- [EXERCISE DESCRIPTION]:
Below, find the line containing "SnuggleNest™ Cotton Pet Bed" and the line containing "JOHN SMEDLEY（ジョンスメドレー）RENOLD ウール"; reproduce exactly those two and every line between them, omitting pictures.
=== RECORDS FOR PROCESSING ===
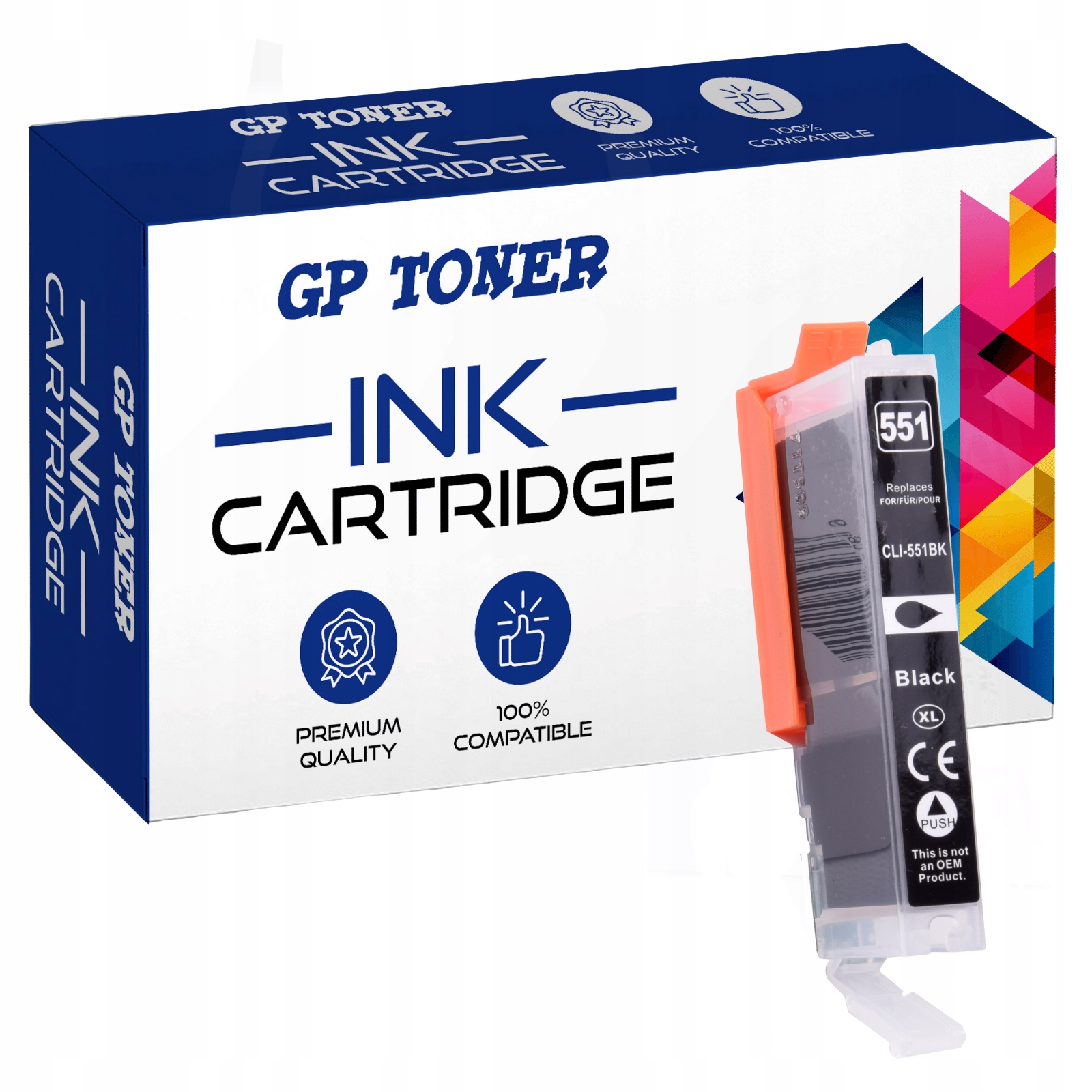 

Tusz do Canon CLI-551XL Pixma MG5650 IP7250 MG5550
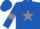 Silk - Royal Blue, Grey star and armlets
===
=== RECORDS FOR PROCESSING ===
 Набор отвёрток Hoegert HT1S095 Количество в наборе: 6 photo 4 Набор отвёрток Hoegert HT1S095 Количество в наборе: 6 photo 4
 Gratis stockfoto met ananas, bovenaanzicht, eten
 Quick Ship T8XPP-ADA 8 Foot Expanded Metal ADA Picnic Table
===
=== RECORDS FOR PROCESSING ===
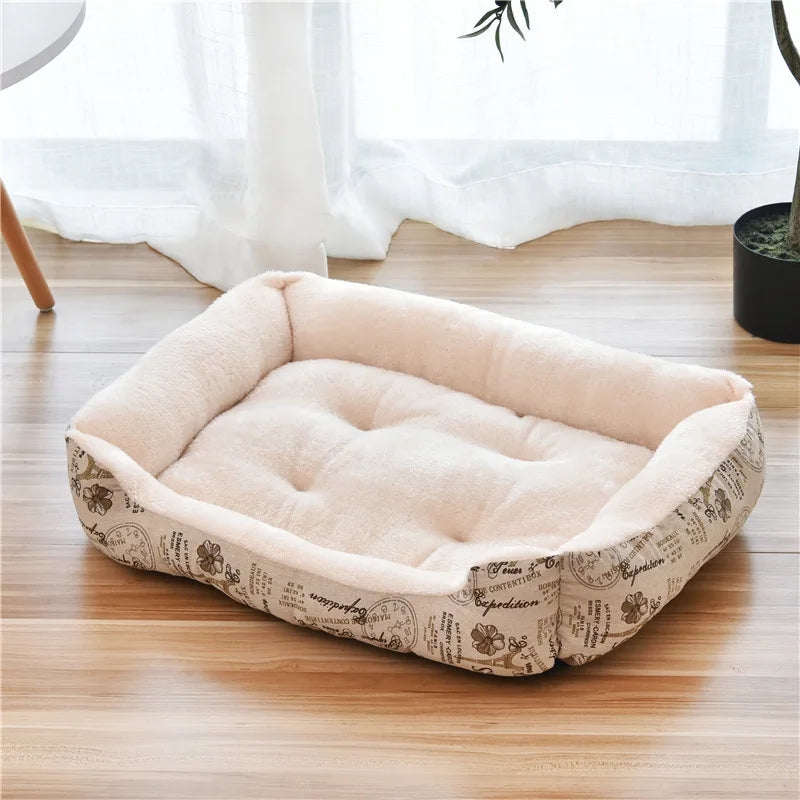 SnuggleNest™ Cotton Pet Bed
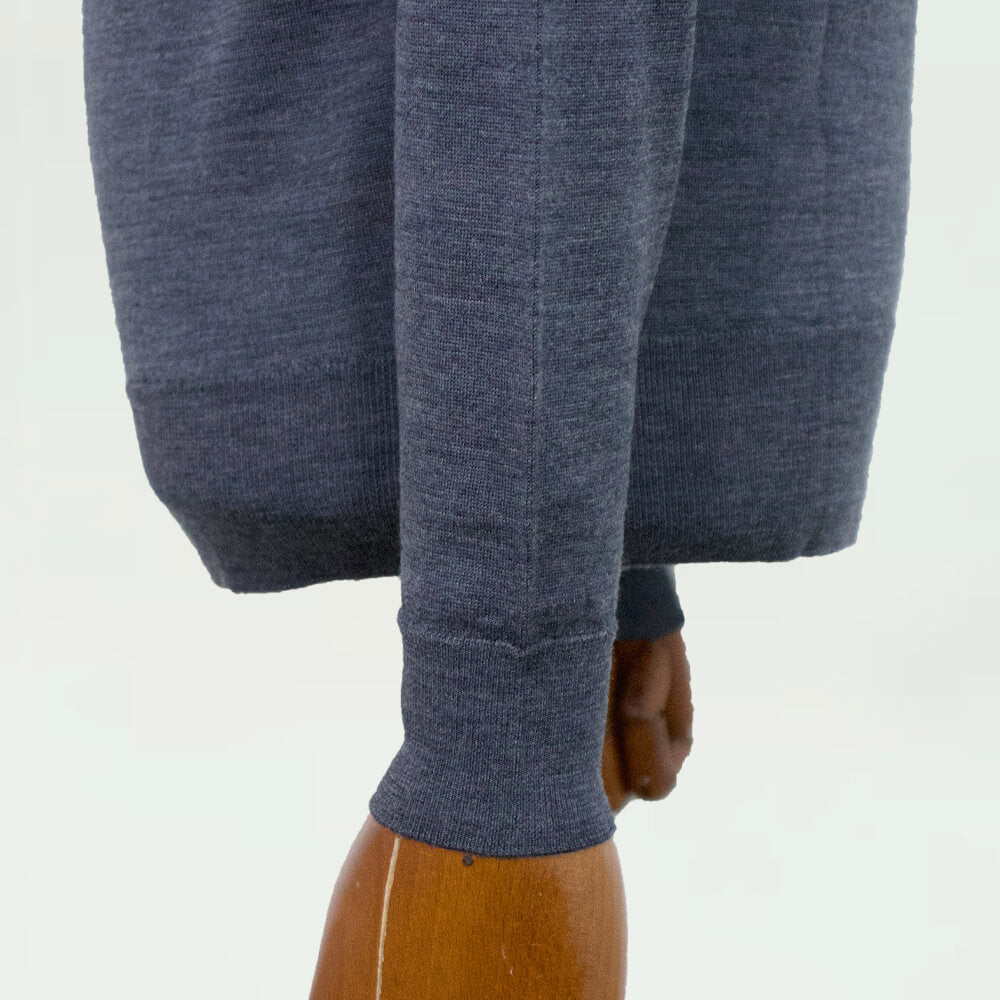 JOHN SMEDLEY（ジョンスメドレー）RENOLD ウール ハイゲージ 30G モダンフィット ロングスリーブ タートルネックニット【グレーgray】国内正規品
===
- [RESULT OF THE TASK]:
 SnuggleNest™ Cotton Pet Bed
 JOHN SMEDLEY（ジョンスメドレー）RENOLD ウール ハイゲージ 30G モダンフィット ロングスリーブ タートルネックニット【グレーgray】国内正規品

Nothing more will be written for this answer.